Transcription:Batch Real-Time Deployments:All

Speechmatics outputs in the transcript a metadata tag to indicate whether a word is a profanity or a disfluency. You do not have to take any action to access this - it is provided in our transcription output as standard.

Profanity Tagging

You can use this tag in order to identify, redact, or obfuscate profanities and integrate this data into your own workflows.

Profanity tagging is available is for the following languages:

  • English (EN)
  • Italian (IT)
  • Spanish (ES)

Note that the list of profanities in each language is not alterable.

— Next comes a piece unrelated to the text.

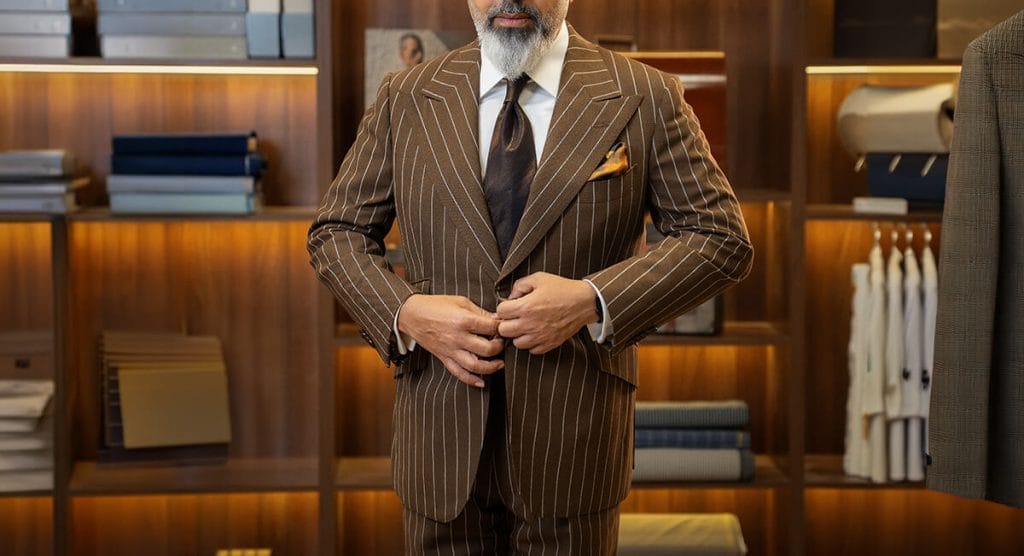How to Build a Timeless Luxury Suits Collection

An example of how this looks is below.

"results": [
  {
    "alternatives": [
      {
        "confidence": 1.0,
        "content": "$PROFANITY",
        "language": "en",
        "speaker": "UU",
        "tags": [
          "profanity"
        ]
      }
    ],
    "end_time": 18.03,
    "start_time": 17.61,
    "type": "word"
  }
]

Disfluency Tagging

A disfluency here refers to a set list of words in English that imply hesitation or indecision. Please note while disfluency can cover a range of items like stuttering and interjections, here it is only used to tag words such as 'hmm' or 'umm'. You can use this tag for your own post-processing workflows such as not displaying disfluencies. An example of how this looks is below:

English language only

"results": [
  {
    "alternatives": [
      {
        "confidence": 1.0,
        "content": "hmm",
        "language": "en",
        "speaker": "UU",
        "tags": [
          "disfluency"
        ]
      }
    ],
    "end_time": 18.03,
    "start_time": 17.61,
    "type": "word"
  }
]